Analytical Ion Microbeam setup at HZDR
The ion microbeam is connected to the 3 MV Tandetron of the Ion Beam Center and typically a 3 MeV proton beam is used, which is very suitable for PIXE and non-Rutherford RBS. The following methods are available: PIXE, RBS, PIGE, NRA, STIM (Scanning Transmission Ion Microscopy). Quantitative elemental concentration maps can be obtained from PIXE measurements using the software package GeoPIXE, available at the HZDR.
Ion Microbeam setup at the 3 MV Tandetron
Samples
A wide variety of samples from many fields of application can be analysed, such as minerals for Geoscience, aerosol filters for environmental science, coatings and thin films in tribology (science of wear, friction and lubrication), biomedical devices like stents.
- Flat samples with size of max. 25x25 mm² and a maximum thickness of 5 mm can be mounted with double sided tape on the sample holder.
- Samples with a diameter of ≤ 10 mm and a maximum thickness of 15 mm can be mounted at recesses on the side of the sample holder.
- Point measurements can be performed on irregular samples, whereas a flat (small) surface is required for elemental imaging.
Application 1: Analysis of individual aerosol particles
- Aerosol particles have a direct impact on air quality, cloud nucleation, radiation balance, public health, etc.
- These particles can be collected on filter materials with an impactor.
- Particle Induced X-Ray Emission (PIXE) is a non-destructive and undemanding technique for elemental analysis that is suitable for offline filter analysis.

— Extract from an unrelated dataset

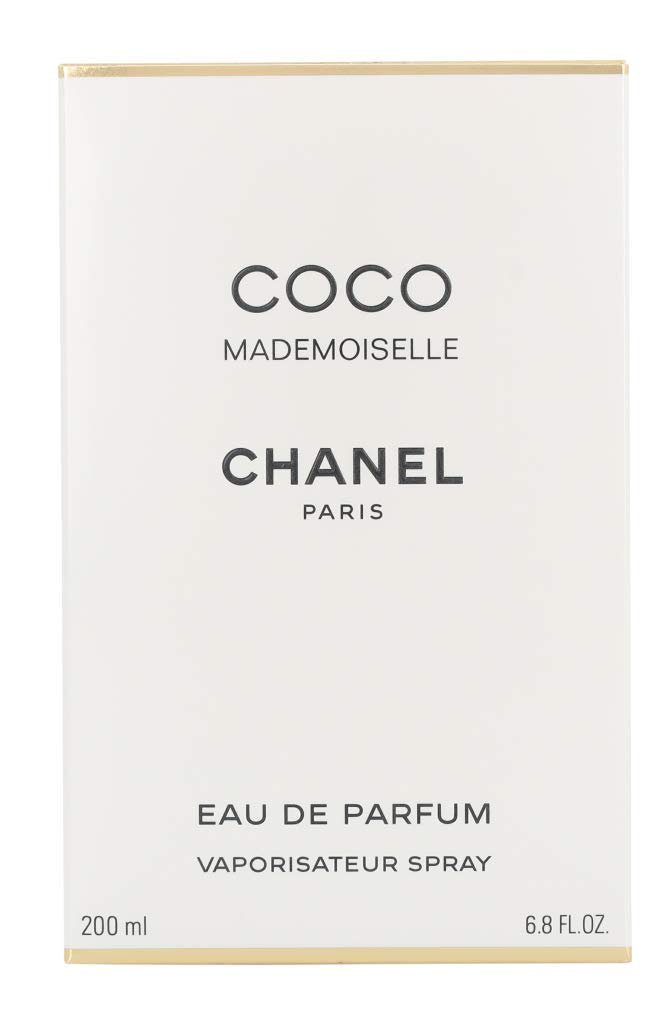 Coco Mademoiselle by Chanel Eau de Parfum Spray 200ml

- Rutherford Backscattering Spectrometry (RBS) is a non-destructive technique that can provide offline elemental depth information.
- With an ion microbeam, laterally resolved elemental maps can be made, making the analysis of individual particles possible.
Samples:
- Mineral/Saharan dust particles collected on filter tape of quartz fibres coated with Teflon using a Aethalometer AE33.

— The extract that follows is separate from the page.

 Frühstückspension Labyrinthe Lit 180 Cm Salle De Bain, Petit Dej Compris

Three collector spots of mineral dust particles on AE33 filter tape.
Measurements:
- Ions: H+ (protons)
- Energy: 3 MeV
- Beam size: 6x4 μm²
- Maps: 256x256 points with a step size of 1 µm
- Detection: characteristics X-rays with a Ketek Silicon drift detector
backscattered protons with a silicon strip detector
Spectra with regions for maps:
PIXE spectrum of a scan of saharan dust particles collected on filter tape. The grouped lines show the characteristic X-rays of the elements that are used for making maps.
RBS spectrum of a scan of saharan dust particles collected on filter tape. The regions are used to select events for maps. Surf. denotes a region near the sample surface, below and deeper is at larger depths in the sample.
Elemental maps:
Elemental maps obtained with PIXE showing aerosol particles
- Large high intensity areas in the Fe map correspond to the large areas in the Mn map.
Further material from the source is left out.